Telefonica group has successfully reduced its net debt to EUR44 billion as of Dec. 31, 2013 from EUR56 billion as of Dec. 31, 2011 through non-core asset disposals and cuts to shareholder distribution. Fitch believes that TDP's dividend upstream may potentially increase in the coming years should the parent need it for debt reduction, shareholder return, or any strategic investment, if necessary.
Market Leading Position:
Fitch expects TDP's largest market shares in both the fixed and mobile segments to remain over the medium term, which benefit economies of scale. The company's strong business position benefits from its extensive network coverage, synergies from the integrated service line-up, as well as the strong brand recognition. Fitch believes the competitive landscape will become more intense, especially from Entel, a Chilean telco which recently entered the Peruvian market through the acquisition of Nextel. However, any material market share loss for TDP is unlikely given its entrenched position. During 2013, TDP remained dominant across all of its service platforms, with over 80% market shares in the fixed-telephony and broadband segments, and close to 60% market shares in the mobile and pay-TV segments.

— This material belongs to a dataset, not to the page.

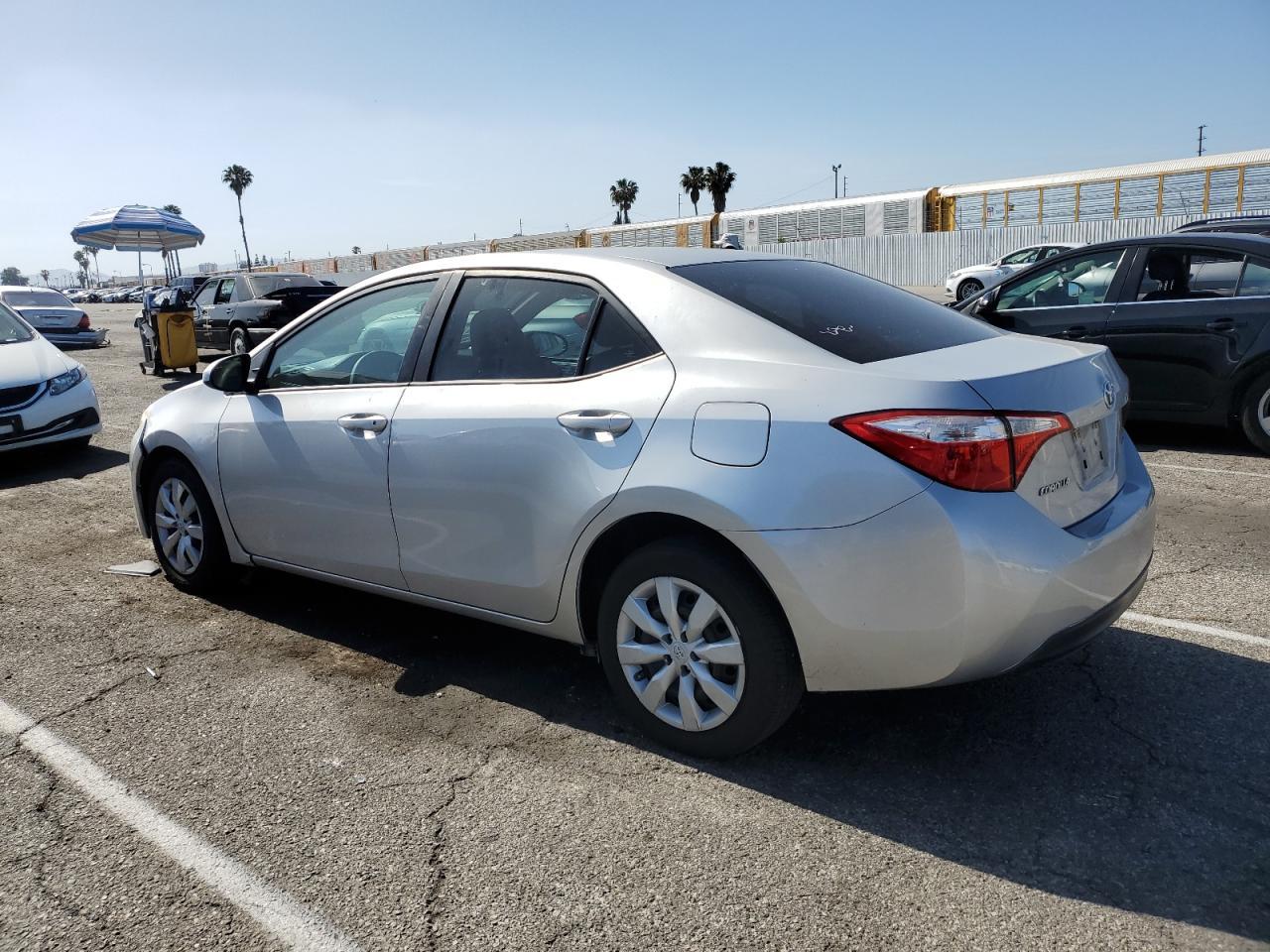 2016 Toyota Corolla L - Фото 2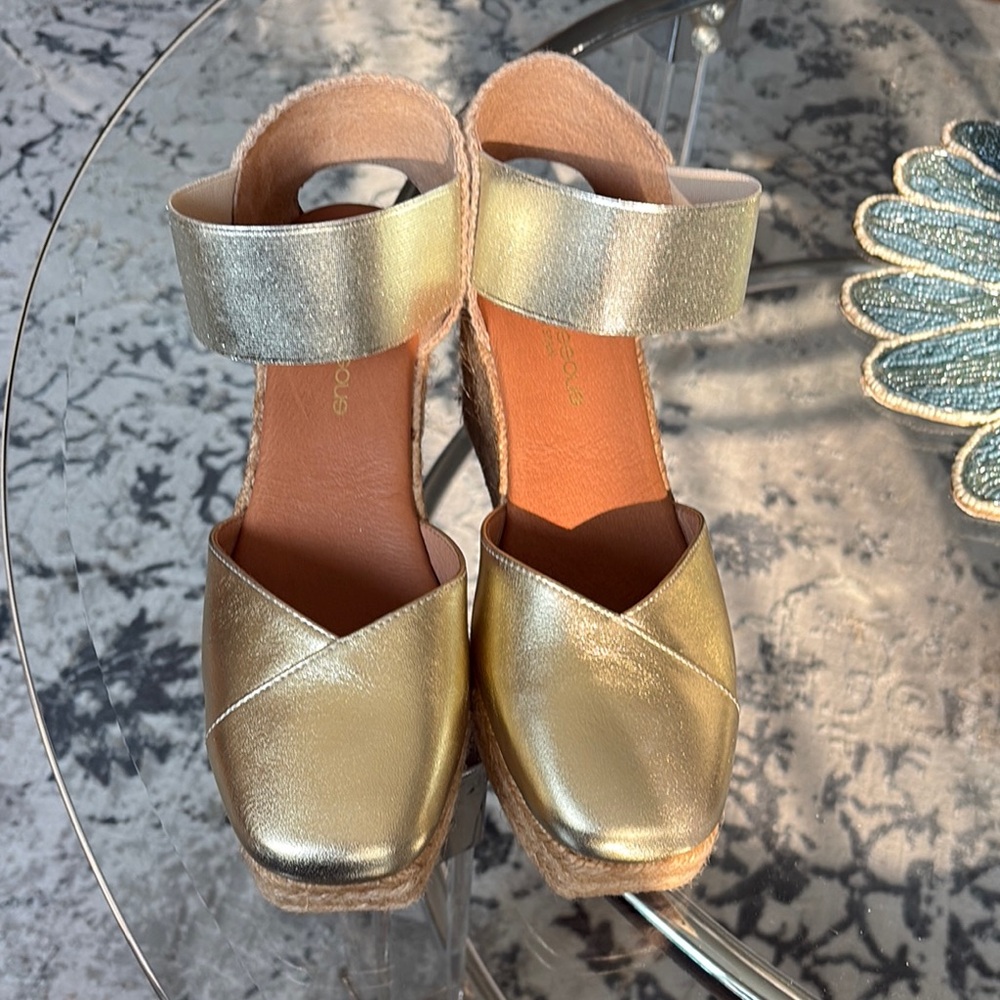 Andre Assous Gold Espadrille Sandals with Modern Design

Stable Revenue Growth Ahead:
Fitch forecasts the company's revenue growth to remain stable, in the mid-single-digits, in 2014 and 2015. The increasing subscriber base for the high-ARPU 4G mobile service as well as the bundled offerings of broadband and pay-TV services will enable the company to fully offset the revenue contraction of the fixed-voice service due to the waning demand. Also, the company's strategy to expand its operational footprint into the untapped rural areas should provide some growth potential going forward. In 2013, the company's consolidated revenue increased by 8.5% from a year ago.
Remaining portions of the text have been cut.